L’esthétique n’est pas négligée non plus. D’une part, nous avons des costumes d’une beauté infinie. La costumière américaine Theadora Van Runkle est d’ailleurs elle aussi nominée pour l’Oscar des meilleurs costumes. En France, le film influença considérablement la jeunesse de l’époque qui, pris d’affection pour le style rebelle des héros, va emprunter le code vestimentaire de ces derniers. Ainsi, il ne va pas être rare de croiser des jeunes au look très Bonnie et Clyde dans les rues : béret, jupe longue, cheveux blonds lisses… Tout y passe.
D’autre part, le directeur de photographie Burnett Guffey sera également sacré avec l’Oscar de la meilleure photographie. Il faut dire que les décors du film sont somptueux. A noter également que le tournage de Bonnie and Clyde se déroula sur les lieux mêmes où le couple de hors-la-loi commit ses crimes. Un respect de la réalité qui donna à l’équipe du film la sensation de marcher sur les traces de leur légende...
Dernièrement, je mets en évidence la bande-originale d’une excellente qualité. Une bande-son entraînante qui rappelle le folklore du Far West et nous transporte tout au long du film au rythme des courses-poursuites effrénées des deux amants.

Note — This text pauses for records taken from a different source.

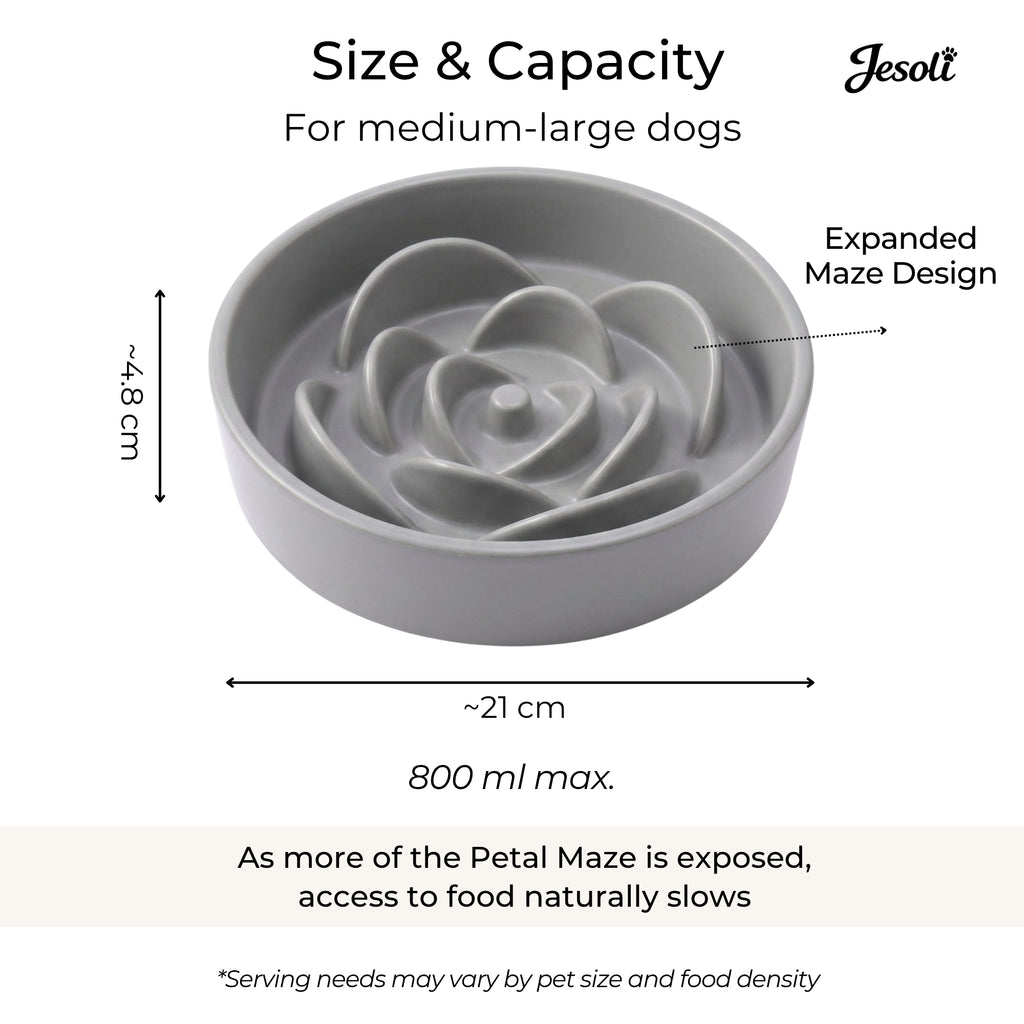 Jesoli Petal Maze Ceramic Slow Feeder Bowl – 大号21厘米 800毫升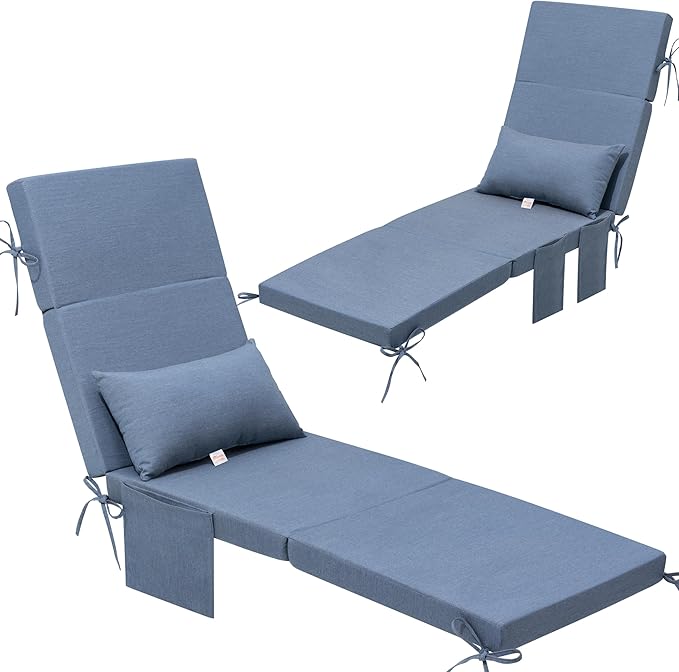 Crestlive Products Sunbrella Foldable Outdoor Chaise Lounge Cushions with Head Pillow and Side Pockets,Water Repellent & Fade Resistant Lounge Chair Cushion, 72''L x 21''W, Set of 2, Denim Blue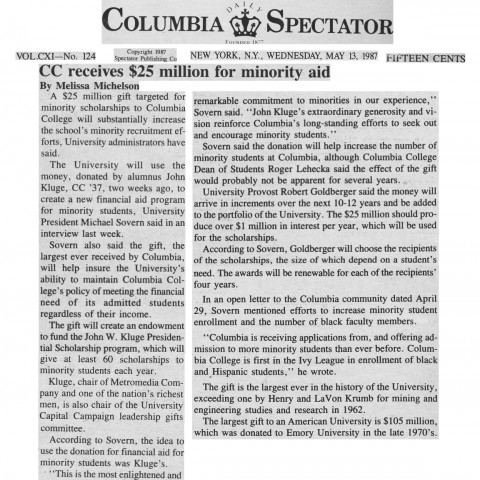 Article in the Columbia Daily Spectator on May 13, 1987. Image: Columbia Spectator, courtesy Columbia University Archives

Je terminerai en évoquant l’impressionnante influence du long-métrage. Le film d’Arthur Penne contribue largement à faire connaître l’épopée du couple autour du globe et la pop culture va rapidement s’emparer de l’histoire de Bonnie and Clyde dans des films, chansons ou encore références dans des séries comme Malcolm… Nombre sont les artistes inspirés à commencer par Serge Gainsbourg et Brigitte Bardot en 1968, le légendaire 2Pac en 1996 ou encore Skylar Grey et Eminem en 2016.
Somme toute, voilà le constat que nous pouvons faire de Bonnie and Clyde, un road movie de gangsters brisant les tabous d’Hollywood dans un style de narration âpre, lyrique et moderne. Un film qui provoque l’engouement du jeune public par le fait qu’il met en vedette des héros aux comportements juvéniles, ludiques et en quête d’un épanouissement sexuel, soit une véritable échappatoire pour une jeunesse alors à la recherche de nouveaux repères.